◆ **Task details**
The answer must be every line of the records below that contains the word "With", copied out.

Stored entries
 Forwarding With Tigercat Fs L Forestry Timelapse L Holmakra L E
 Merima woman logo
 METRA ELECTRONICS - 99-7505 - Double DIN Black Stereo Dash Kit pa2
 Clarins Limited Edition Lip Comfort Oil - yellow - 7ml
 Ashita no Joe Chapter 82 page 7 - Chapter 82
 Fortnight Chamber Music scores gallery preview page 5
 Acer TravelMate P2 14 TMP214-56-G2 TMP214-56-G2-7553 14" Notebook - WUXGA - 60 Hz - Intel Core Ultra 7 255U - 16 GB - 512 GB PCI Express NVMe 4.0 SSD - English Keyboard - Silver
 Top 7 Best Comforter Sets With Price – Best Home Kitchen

◆ **Solution to this problem**
 Forwarding With Tigercat Fs L Forestry Timelapse L Holmakra L E
 Top 7 Best Comforter Sets With Price – Best Home Kitchen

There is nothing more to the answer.